The CBK’s Monetary Policy Committee (MPC) exercised cautious optimism despite the shilling rallying against the dollar and inflation easing within the regulator’s 2.5% to 7.5% range.

“The MPC noted that its previous measures have lowered inflation, addressed the exchange rate pressures, and anchored inflationary expectations. Therefore, the MPC concluded that the current monetary stance will ensure that overall inflation continues to decline towards the 5.0 per cent midpoint of the target, and thus decided to retain the Central Bank Rate (CBR) at 13 per cent,” CBK said in a statement on Wednesday.

The Kenyan shilling has rallied 18%, addressing inflation caused by imports. The central bank on Wednesday quoted the shilling against the dollar at KES 131.48 from a record high of KES 160.18 in February–representing a 17.9% appreciation in the past month.

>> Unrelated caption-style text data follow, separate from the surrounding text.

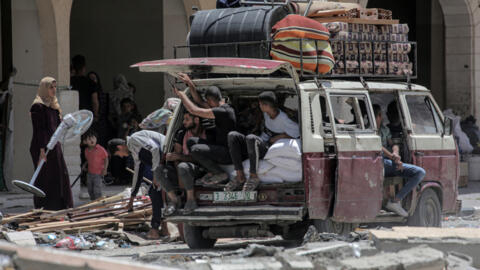 Palestinians who fled Rafah in the southern Gaza Strip unload their belongings from the back of a truck upon their arrival to take shelter in Khan Younis on May 12, 2024.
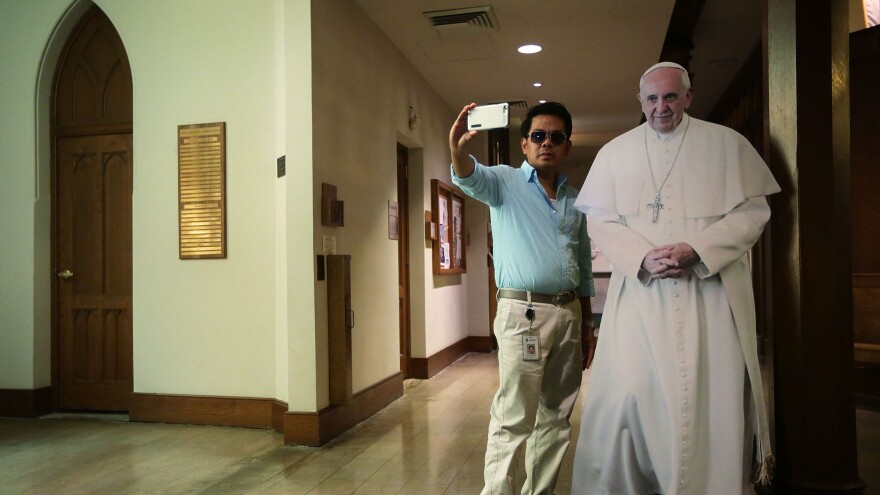 A visitor takes a selfie with a cardboard cutout of Pope Francis at St. Patrick's Catholic Church in Washington, D.C., on Sept. 16.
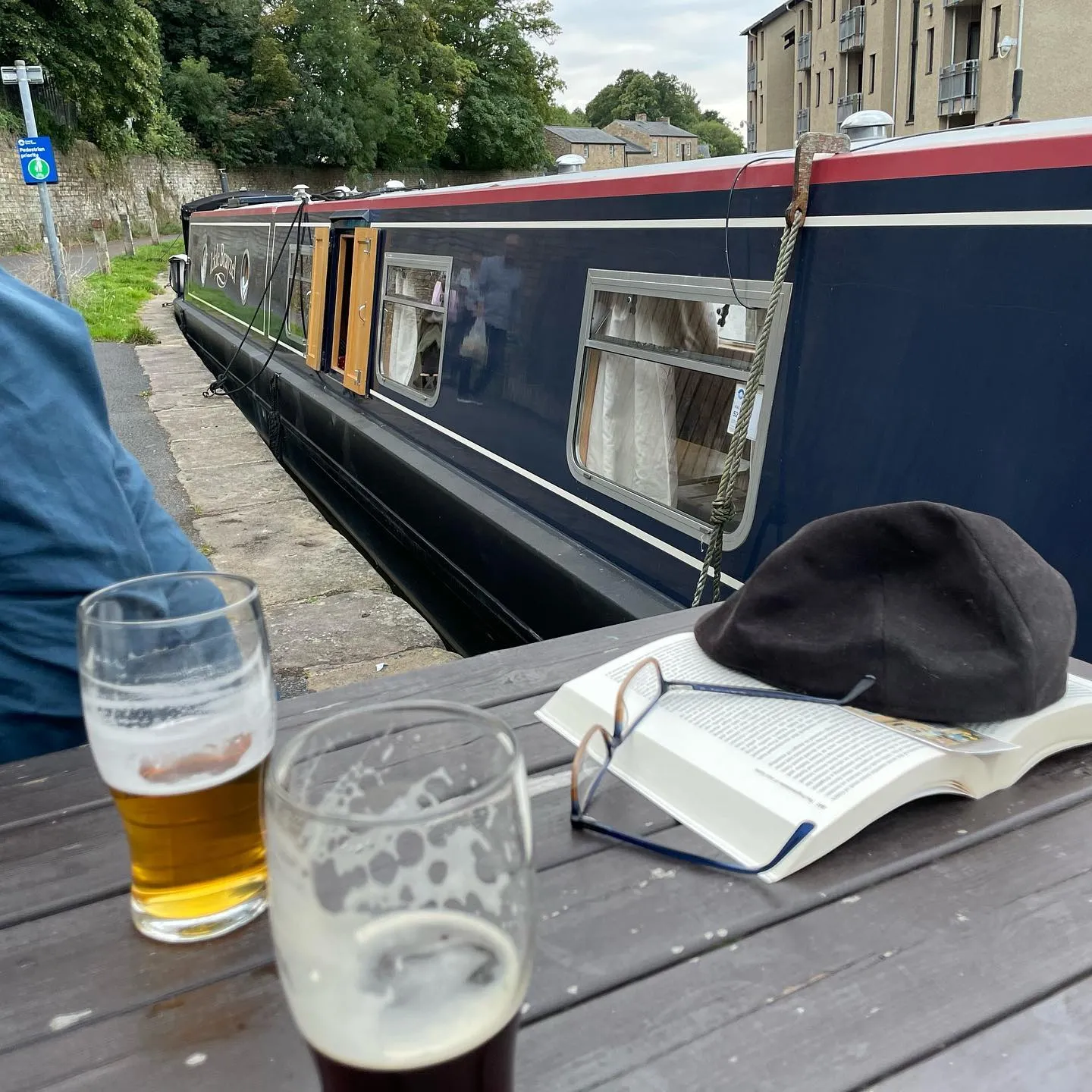Boat moored next to the beer garden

The CBK said that leading economic indicators point to “continued strong performance of the Kenyan economy in the first quarter of 2024,” buoyed by agriculture, the service sector, and ICT.

The March 2024 Agriculture Sector Survey conducted ahead of the MPC meeting indicates that food prices will fall in the next three months supported by favourable weather conditions, stronger shilling, and dropping fuel prices.